En rentrant du Rwanda, nous avons partagé notre expérience avec les élèves et les parents de la Lincoln Community School sur plusieurs plateformes. Durant une réunion avec la communauté scolaire, on nous a demandé de choisir une photo qui nous tenait à cœur et d’expliquer ce qu’elle représentait pour nous.

J’ai choisi une photo représentant la violence insensée et terrible qui s’est abattue sur les agents de maintien de la paix belges qui ont perdu la vie en essayant de protéger celle des Rwandais à Kigali.

Dix casques bleus belges ont été tués sur la base militaire du camp de Kaligali le 7 avril 1994.

L’expérience de Tom : plus jamais ça

Nous avons tous entendu l’expression « plus jamais ça ». Mais force est de constater que cette expression a déjà été utilisée à maintes reprises par des personnes qui se sont retrouvées dans des situations similaires. On a du mal à imaginer que les horreurs qui ont frappé le Rwanda ont eu lieu il y a seulement 25 ans. Cela m’a beaucoup affecté. J’ai visité les camps de la mort d’Auschwitz-Birkenau avec le Club des droits de la personne, mais les génocides et les guerres qu’on étudie habituellement remontent à si longtemps qu’ils semblent déconnectés de notre réalité.

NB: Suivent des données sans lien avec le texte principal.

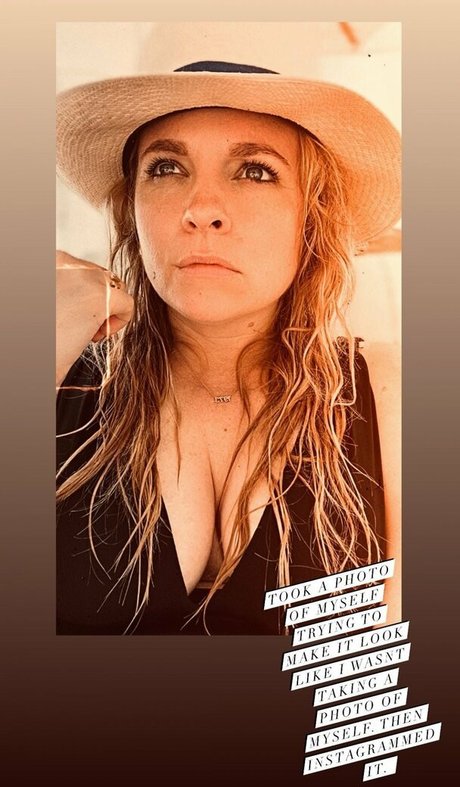 Georgia Moffett ポルノスター アダルト 写真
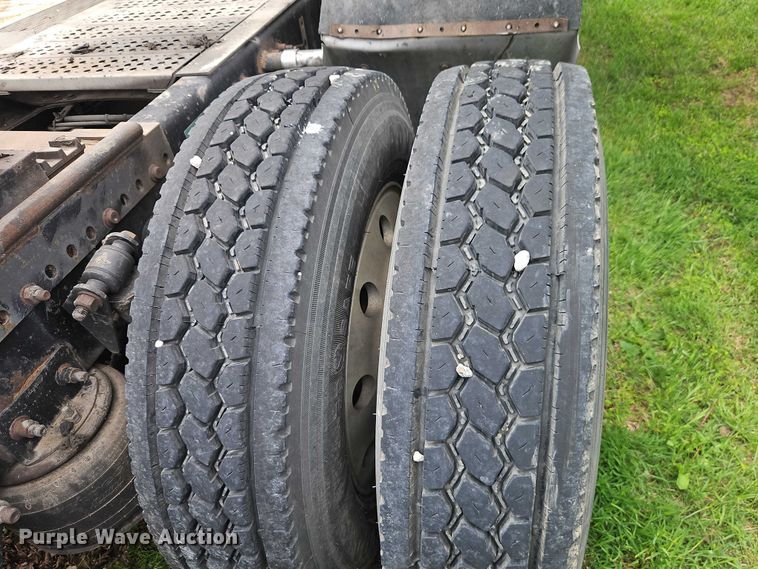 image for item EO7302 2000 Freightliner FLD semi truck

J’ai compris l’importance de la réconciliation en me rendant sur les lieux de ce génocide et en y trouvant une société qui fonctionnait normalement. Grâce au Projet Rwanda, je tiens non seulement à sensibiliser le public aux événements qui ont eu lieu au Rwanda, mais aussi à l’informer sur le fait que des actes de génocide ont encore lieu aujourd’hui et qu’on ne peut pas fermer les yeux.

La visite du village de la réconciliation a été l’un des moments les plus poignants de notre voyage. Nous avons écouté les témoignages d’un bourreau et d’une victime. J’ai ressenti des sentiments contradictoires en les écoutant parler. Malgré tous les moments très durs qu’ils avaient vécus tous les deux, ils étaient désormais capables de vivre ensemble.

Une survivante témoigne dans le village de la réconciliation.

Je suis convaincu que cela demande une force extraordinaire que je ne suis pas sûr de pouvoir avoir un jour. Cette société qui était encore divisée il n’y a pas si longtemps est aujourd’hui une société unie et fonctionnelle, qui a réussi à se pardonner.

Nous partageons nos impressions avec vous aujourd’hui afin de vous encourager à aller voir de vos propres yeux les progrès accomplis par le Rwanda et de ne plus jamais avoir à dire « plus jamais ça ».